What to work on:
Lines from the one containing "FIX&FASTEN Screwed spacer" through the last line of the records below need to be repeated exactly; nothing else, and no pictures.

Image-text web data:
* * * * * * *

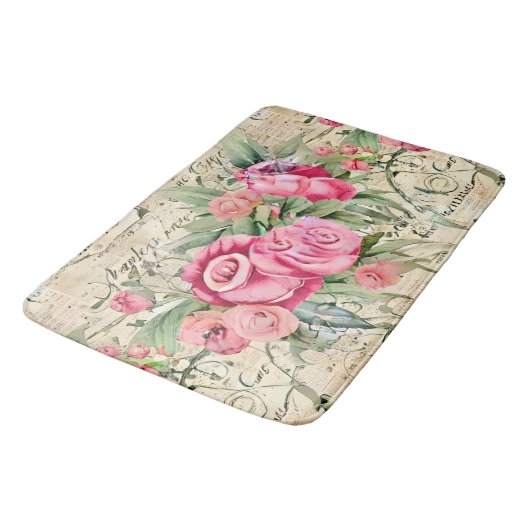 Een Franse Ephemera Design Series 26 Badmat (Gekanteld)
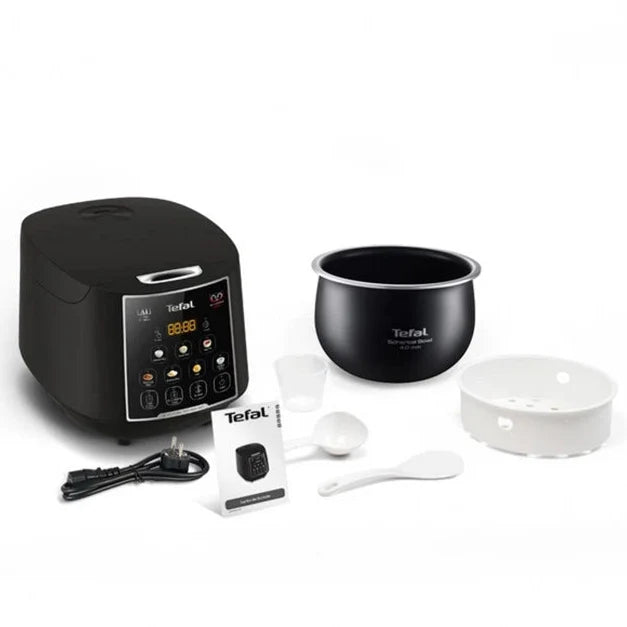 Tefal Easy Rice Max Rice Cooker 1.8L RK7378 β 4mm spherical pot, 11 programmes, removable inner lid, 24hr keep warm
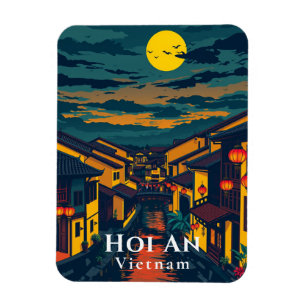 Hoi An Vietnam Ancient Town Lanterns Postcard Magnet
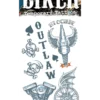 Tinsley Transfers Accessories Biker Temp Tattoo Set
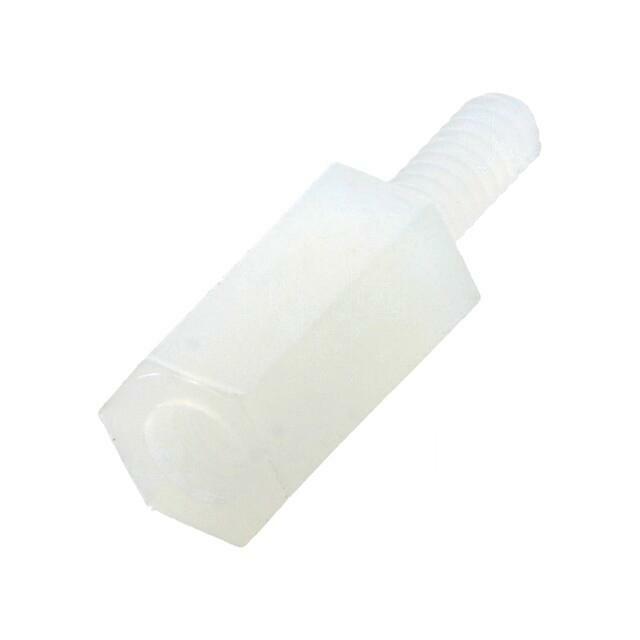 FIX&FASTEN Screwed spacer sleeve; hexagonal; polyamide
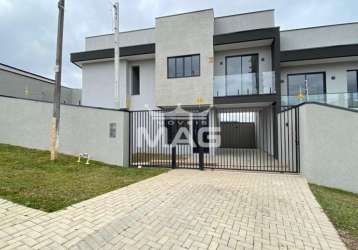 Casa com 3 quartos à venda na rua vicente geronasso, 154, boa vista, curitiba por r$ 699.900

* * * * * * *

Answer space:
 FIX&FASTEN Screwed spacer sleeve; hexagonal; polyamide
 Casa com 3 quartos à venda na rua vicente geronasso, 154, boa vista, curitiba por r$ 699.900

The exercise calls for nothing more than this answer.